This paper examines the generation and effect of secondary materials created by chemical reactions between dislodged fiberglass insulation debris and simulated cooling system water that would be present within the containment of a pressurized water reactor following a loss-of-coolant accident (LOCA). Corrosion and subsequent precipitation of metals (aluminum, iron, zinc, and calcium) pose an important safety concern because the surface area of exposed metal inside containment represents a large potential source term of chemical debris products that may be capable of blocking the recirculation sump. The Advisory Committee on Reactor Safeguards (ACRS) cited the presence of gelatinous material recovered from the Three Mile Island containment pool after its 1979 accident and noted that the formation of adverse chemical products had not been previously examined under Generic Safety Issue 191 (GSI-191) research program.

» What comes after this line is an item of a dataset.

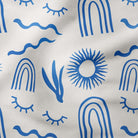 Abstract Shapes-Art Print Fabric-Melco Fabrics-Blue on Tofu-Cotton Poplin (110gsm)-Online-Fabric-Shop-Australia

Based on small-scale tests, the following key issues related to corrosion and precipitation were investigated:

1. Do credible corrosion mechanisms exist for leaching metal ions from bulk solid surfaces, and if so, what are the typical reaction rate constants?

2. Can corrosion products accumulate in the containment pool water to the extent that they might precipitate as new chemical species at pH and temperature levels that are relevant to the LOCA accident sequence?

3. How do chemical precipitants affect the head loss across an existing fibrous debris bed?

Findings from these tests confirmed that corrosion of metal can occur and that artificially induced metallic precipitants can cause substantial additional head loss.